• Task input:
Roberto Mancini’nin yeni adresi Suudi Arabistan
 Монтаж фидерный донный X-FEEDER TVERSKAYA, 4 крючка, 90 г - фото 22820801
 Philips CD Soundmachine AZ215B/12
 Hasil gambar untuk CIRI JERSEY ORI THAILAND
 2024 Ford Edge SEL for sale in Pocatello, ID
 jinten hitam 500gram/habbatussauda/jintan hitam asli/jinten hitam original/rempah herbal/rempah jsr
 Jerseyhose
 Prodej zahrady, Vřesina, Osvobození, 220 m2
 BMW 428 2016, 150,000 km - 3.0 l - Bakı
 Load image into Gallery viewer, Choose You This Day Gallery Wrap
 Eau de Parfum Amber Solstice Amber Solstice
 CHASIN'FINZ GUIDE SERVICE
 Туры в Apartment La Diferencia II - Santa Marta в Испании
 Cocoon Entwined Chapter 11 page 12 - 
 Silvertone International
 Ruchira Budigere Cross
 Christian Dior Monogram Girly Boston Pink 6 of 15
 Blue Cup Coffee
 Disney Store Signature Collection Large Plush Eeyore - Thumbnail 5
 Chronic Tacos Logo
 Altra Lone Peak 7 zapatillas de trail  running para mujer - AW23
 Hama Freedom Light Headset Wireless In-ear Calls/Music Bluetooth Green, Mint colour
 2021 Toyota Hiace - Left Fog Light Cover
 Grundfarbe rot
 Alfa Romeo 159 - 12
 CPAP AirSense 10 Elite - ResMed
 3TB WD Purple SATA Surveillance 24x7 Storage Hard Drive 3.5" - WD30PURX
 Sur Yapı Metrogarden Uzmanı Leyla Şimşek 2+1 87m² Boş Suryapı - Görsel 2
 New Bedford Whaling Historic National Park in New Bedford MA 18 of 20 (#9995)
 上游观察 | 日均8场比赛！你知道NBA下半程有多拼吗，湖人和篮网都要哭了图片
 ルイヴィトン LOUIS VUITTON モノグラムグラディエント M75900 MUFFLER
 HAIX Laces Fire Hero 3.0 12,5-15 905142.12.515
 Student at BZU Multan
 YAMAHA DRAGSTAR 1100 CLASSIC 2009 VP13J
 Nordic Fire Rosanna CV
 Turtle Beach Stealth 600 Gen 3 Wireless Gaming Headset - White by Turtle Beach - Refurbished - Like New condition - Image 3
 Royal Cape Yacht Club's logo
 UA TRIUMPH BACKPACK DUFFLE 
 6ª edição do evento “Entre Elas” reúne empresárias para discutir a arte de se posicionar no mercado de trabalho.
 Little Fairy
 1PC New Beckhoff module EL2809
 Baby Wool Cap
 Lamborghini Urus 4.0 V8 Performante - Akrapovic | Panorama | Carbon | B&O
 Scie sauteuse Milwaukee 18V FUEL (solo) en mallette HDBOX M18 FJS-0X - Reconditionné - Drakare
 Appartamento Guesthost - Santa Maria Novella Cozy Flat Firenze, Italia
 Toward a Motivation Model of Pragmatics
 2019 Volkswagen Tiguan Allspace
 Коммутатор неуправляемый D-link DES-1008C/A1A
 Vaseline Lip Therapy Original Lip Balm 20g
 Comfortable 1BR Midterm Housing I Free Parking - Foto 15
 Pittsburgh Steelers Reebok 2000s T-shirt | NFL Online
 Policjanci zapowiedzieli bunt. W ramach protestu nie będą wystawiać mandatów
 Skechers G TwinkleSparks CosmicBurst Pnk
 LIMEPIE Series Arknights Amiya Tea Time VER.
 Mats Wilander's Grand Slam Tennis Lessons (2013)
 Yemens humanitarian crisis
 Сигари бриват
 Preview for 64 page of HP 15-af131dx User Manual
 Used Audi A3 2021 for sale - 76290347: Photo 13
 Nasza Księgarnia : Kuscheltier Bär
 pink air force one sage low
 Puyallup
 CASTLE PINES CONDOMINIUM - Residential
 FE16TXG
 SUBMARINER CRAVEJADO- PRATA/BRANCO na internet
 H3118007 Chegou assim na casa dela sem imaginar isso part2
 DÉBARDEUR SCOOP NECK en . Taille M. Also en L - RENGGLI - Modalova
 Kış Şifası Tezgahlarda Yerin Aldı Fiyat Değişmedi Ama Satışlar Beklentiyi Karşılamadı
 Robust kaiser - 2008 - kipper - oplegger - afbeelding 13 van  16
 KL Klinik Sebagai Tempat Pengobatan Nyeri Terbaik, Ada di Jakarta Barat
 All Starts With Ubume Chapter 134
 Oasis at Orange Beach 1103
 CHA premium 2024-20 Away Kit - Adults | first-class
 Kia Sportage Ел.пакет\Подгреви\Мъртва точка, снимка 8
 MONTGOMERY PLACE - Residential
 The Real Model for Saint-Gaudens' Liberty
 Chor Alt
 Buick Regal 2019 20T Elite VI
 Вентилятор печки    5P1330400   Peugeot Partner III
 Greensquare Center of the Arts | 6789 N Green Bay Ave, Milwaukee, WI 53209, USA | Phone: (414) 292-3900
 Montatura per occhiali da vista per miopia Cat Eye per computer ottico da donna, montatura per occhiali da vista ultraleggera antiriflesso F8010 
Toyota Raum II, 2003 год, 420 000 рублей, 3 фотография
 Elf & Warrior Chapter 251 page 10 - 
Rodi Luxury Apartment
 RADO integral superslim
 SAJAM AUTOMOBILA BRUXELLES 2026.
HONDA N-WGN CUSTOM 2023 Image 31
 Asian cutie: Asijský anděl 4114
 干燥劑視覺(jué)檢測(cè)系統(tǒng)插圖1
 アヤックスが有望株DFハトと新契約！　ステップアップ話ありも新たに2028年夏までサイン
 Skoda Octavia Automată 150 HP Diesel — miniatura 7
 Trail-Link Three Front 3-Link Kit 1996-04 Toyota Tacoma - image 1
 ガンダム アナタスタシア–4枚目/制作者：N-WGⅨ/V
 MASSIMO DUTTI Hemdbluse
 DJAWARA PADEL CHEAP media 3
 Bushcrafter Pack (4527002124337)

• Task goal:
Give back precisely the lines above that start at the line containing "Robust kaiser - 2008" and end at the line containing "Kia Sportage Ел.пакет\Подгреви\Мъртва", inclusive. No other lines belong in the output.

• Response to the task:
 Robust kaiser - 2008 - kipper - oplegger - afbeelding 13 van  16
 KL Klinik Sebagai Tempat Pengobatan Nyeri Terbaik, Ada di Jakarta Barat
 All Starts With Ubume Chapter 134
 Oasis at Orange Beach 1103
 CHA premium 2024-20 Away Kit - Adults | first-class
 Kia Sportage Ел.пакет\Подгреви\Мъртва точка, снимка 8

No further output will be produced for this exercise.